Francesco (1548-1598), Leandro (1558-1622) e Girolamo (1560-1622) da Ponte, figli del Bassano, riescono a continuare ed a divulgare l’arte del padre soprattutto nella tematica di genere. Il migliore dei tre fratelli è Leandro che diventa anche un celebre e stimato ritrattista e decoratore di pale d’altare in molte città della regione veneta.
Un grande esponente della pittura veneta è Paolo Caliari, meglio conosciuto come il Veronese (1528-1588), formatosi in una scuola che già prima del Rinascimento aveva la pregevolezza della forma. Egli ha avuto più maestri, con i quali collaborerà portandone avanti la tradizione cinquecentesca, come Paolo Antonio Badile, Battista Zelotti, Giov. Antonio Fasolo (vicentino), Paolo Farinati e il Bruciasorci.
Modesti artisti risultano invece Carletto Caliari e lo zio Benedetto Caliari, rispettivamente figlio e fratello del Veronese. Anche il nipote Alvise Friso non riesce a portare avanti la sua arte.
Nella città lagunare lavorano i discendenti di Tiziano, Cesare Francesco e Marco Vecellio ed altri numerosi artisti amanti dello stile tizianesco, tra i quali si distingue Alessandro Valotari (conosciuto come il padovano) ed altri appartenenti sempre alla regione veneta. Tutti questi artisti sono considerati di scarso interesse artistico.

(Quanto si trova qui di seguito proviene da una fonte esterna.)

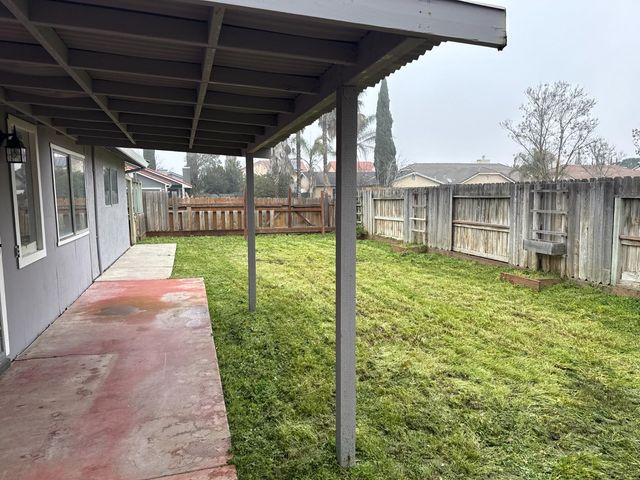 766 Meadowlark Ave, Los Banos, CA 93635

Non interesse artistico ma valore storico hanno gli artisti che riecheggiano la forma accademica imperante in questo periodo nella Toscana e nel Lazio: Giuseppe Porta detto il Salviati (1520-1575 allievo di Francesco Salviati), il De Mio, Giulio Licinio (nipote di Bernardino Licinio), Battista del Moro e l’India.

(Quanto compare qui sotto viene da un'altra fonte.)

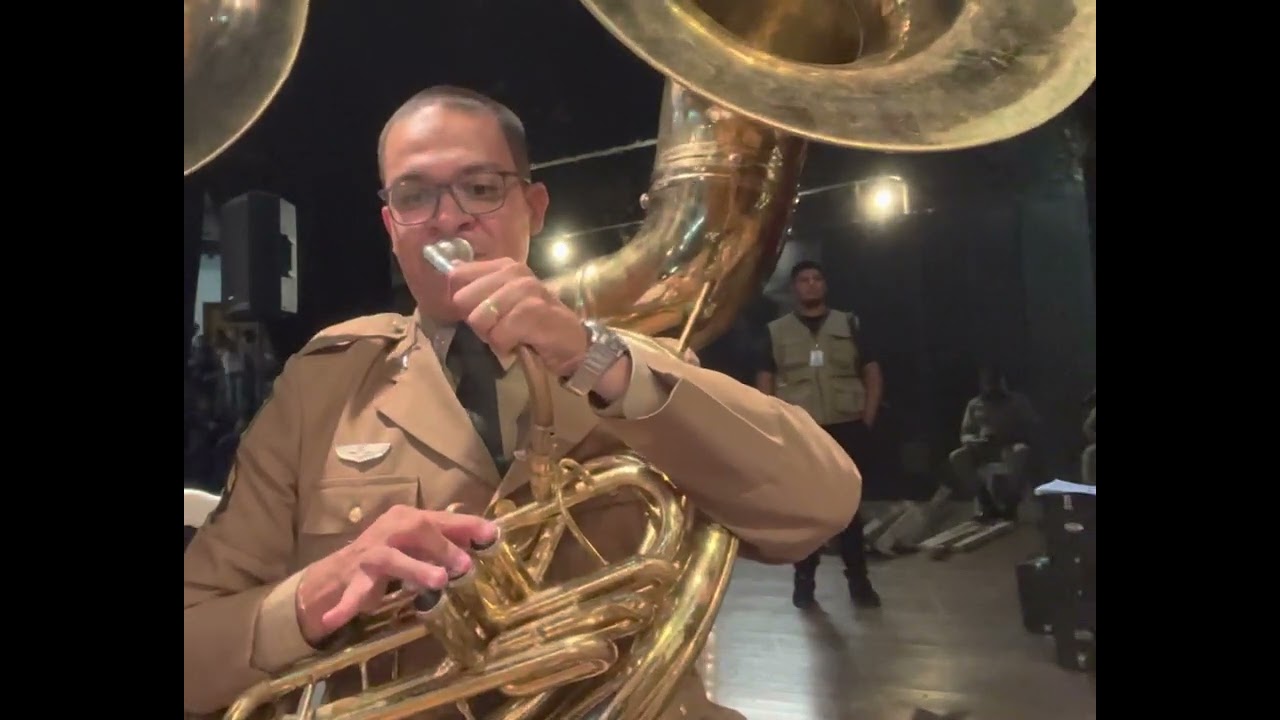 Rolling in the Deep (Adele) - Cb. Freitas (Tuba Bb)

Tra i molti merita di essere ricordato Iacopo di Antonio Palma (Jacopo d’Antonio Negretti nato nel 1544/50, morto nel 1628) detto Palma il Giovane. Fra gli epigoni, Palma il Giovane è sicuramente l’artista più animato, appassionato, alla continua ricerca di un proprio stile, avendo come modello quello di Tiziano e del Tintoretto. Un linguaggio fatto interamente di espansività, tanto che diventa celebre anche fuori dalla regione veneta fino a raggiungere la Toscana ed il Lazio. La vetta più alta il Palma la raggiunge con le tele rappresentanti le storie del doge Cicogna (oratorio dei Crociferi a Venezia). Il suo capolavoro in assoluto è quello riguardante la scena in cui Pasquale Cicogna assiste alla messa di Priamo Balbi, suo padre.